I would like to suggest that the classical taxonomy of RISC/CISC dichotomy is basically non-existent nowadays -- namely because both sides have influenced each other. It is well known that CISC has taken a lot of inspirations from RISC designs (such as having a lot more registers in x64), and RISC designs also taken some inspirations from CISC (such as having SIMD/vectorization units). In other words, the line between RISC and CISC has been very fine lately.
Also, at the end of the day, they all turned into μops. If I remember Jim Keller correctly, ARM and x86, they are basically the same in the back nowadays, its just the frontend and their decoding units are different. And that's why he strongly suggested AMD to also adapt Zen design with ARM ISA during his tenure there, oh I think it is called K12.
I think there is another blurry line between superscalar and VLIW architecture, too.
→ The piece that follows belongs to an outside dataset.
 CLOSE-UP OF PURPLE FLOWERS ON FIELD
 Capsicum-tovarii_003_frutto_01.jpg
Yep. RISC was interesting when gate budgets for CPU pipelines were seriously limited. It was interesting because before RISC the industry had been merrily spending the gate budget increase on adding lots of use-specific instructions. The RISC people pointed out that if you removed support for all the fancy instructions you had enough gate budget for the ALU to be nicely pipelined, and then you could wind up the clock rate greatly and this was worth much more than the fancy instructions.
For decades now we've had enough gate budget to have nicely pipelined designs with complex instruction sets, so that's what everyone does. RISC solves a problem that no longer exists.
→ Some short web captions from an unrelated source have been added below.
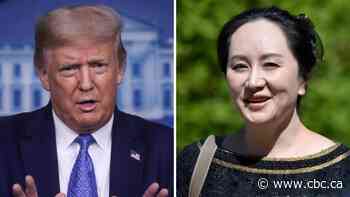 Meng Wanzhou lawyers claim Trump has 'poisoned' extradition proceedings
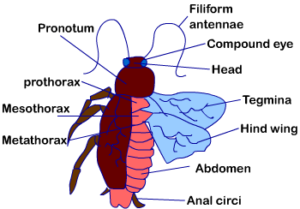Cockroach: Morphology and Anatomy of Cockroach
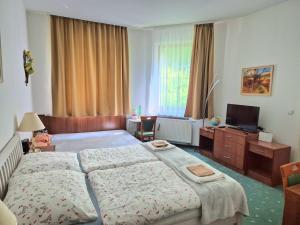 Plazza Trencianske Teplice Spa Panorama 4P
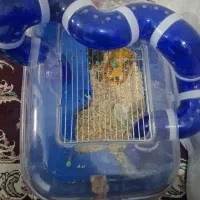 همستر و قفس اکفاریومی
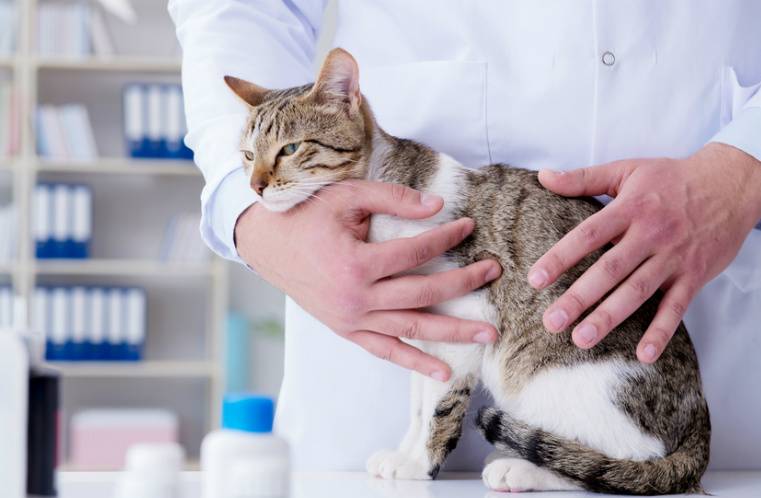 Чем опасна глаукома у кошки?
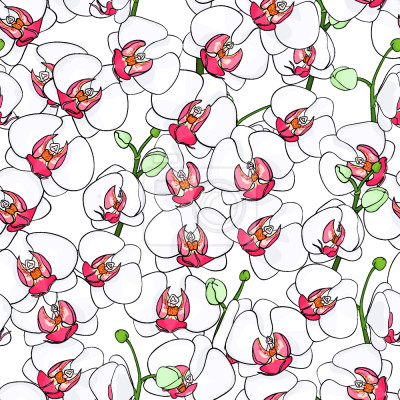 Behang Bloeiende orchideeën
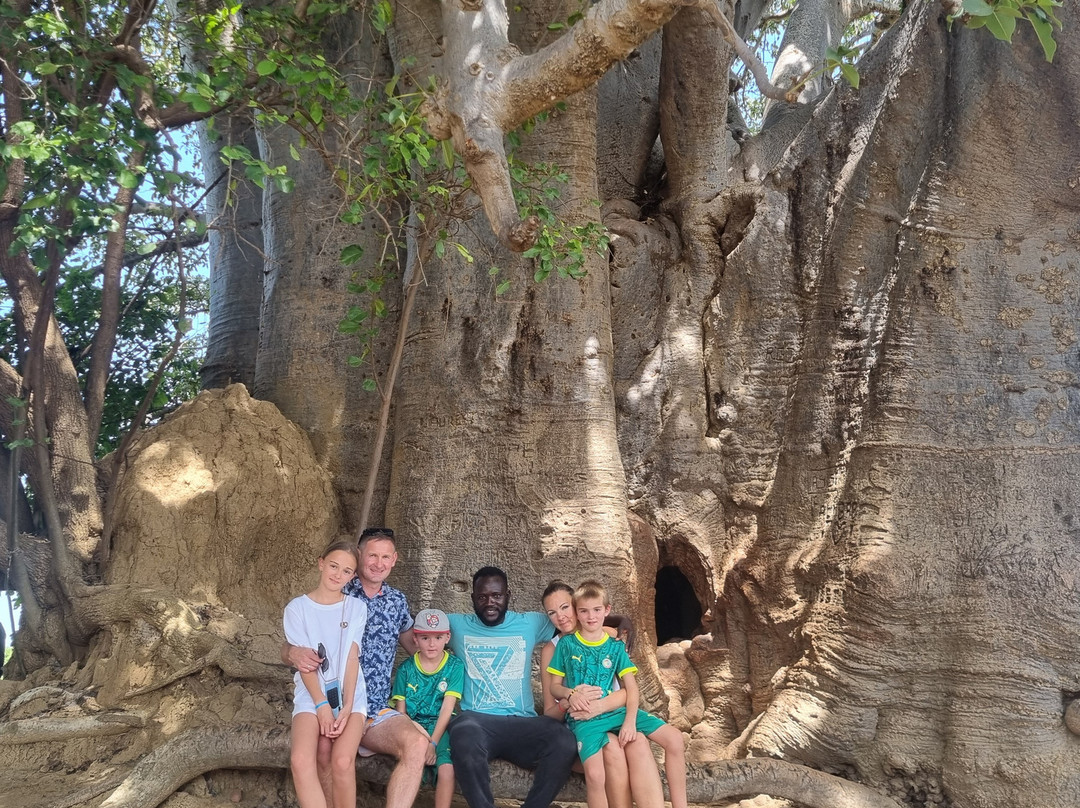 Malick Travel Senegal-Ponto必去景点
"The Intel 386, originally released as 80386 and later renamed i386, is a 32-bit microprocessor introduced in 1985..."
"Max. CPU clock rate: 12.5 MHz to 40 MHz"
As you can see, 80386 was released a year earlier than R2000 and was about 1.5 times faster than MIPS implementation from the start.
The critical path is, usually, in addition/subtraction, which should be complete in one cycle in both 80386 and in R2000. To pipeline addition you need a superpipelined CPU, one that has several stages for computation. Even seemingly simple computation of condition codes can make clock cycle 10% longer (SPARC vs MIPS) if your CPU is just simply pipelined.
BTW, some Pentiums did computed 32-bit addition in two cycles, all in name of higher clock frequencies.
Interesting. An R2000 did run programs faster than a 80386, right? This was a few years before my time.
From a quick google now, it looks like the R2000 was about 3x better than the 80386 at Dhrystone MIPS/MHz. I guess an accurate comparison of how the R2000 and 80386 spent they gate budget and what they got in return would involve a lot of detail.
I remember my compsci professor giving us the computer architecture course in about 1997, and he dispaired at how all the clever RISC stuff in the Patterson and Hennessey seemed irrelevant when Intel could just throw money at the implementation (and fab, I guess) and produce competitive chips despite their (allegedly) inferior architecture.
My point is that you cannot get design much faster in terms of clock frequency by just pipelining. Pipeline unrolls state machine and overlaps different executions of the state machines. But the bottleneck, which is addition, is there in all designs and you need additional effort to break it.
(also MIPS has [i]ntelocked [p]ipeline [s]tages - that "IPS" in MIPS; I implemented it, I know - exception in execution should inform other stages about failure)
By the 1997 Intel has already bought Elbrus II design team, lead by Pentkovski [1]. That Pentkovski guy made Elbrus 2 a superscalar CPU with a stack machine front-end. E.g., Elbrus 2 executed stack operations in a superscalar fashion. You can entertain yourself by figuring out how complex or simple can that be.
So at the time your professor complained about Intel's inferior architecture being faster, that inferior architecture implementation has a translation unit inside it to translate x86 opcodes into superscalar-ready uops.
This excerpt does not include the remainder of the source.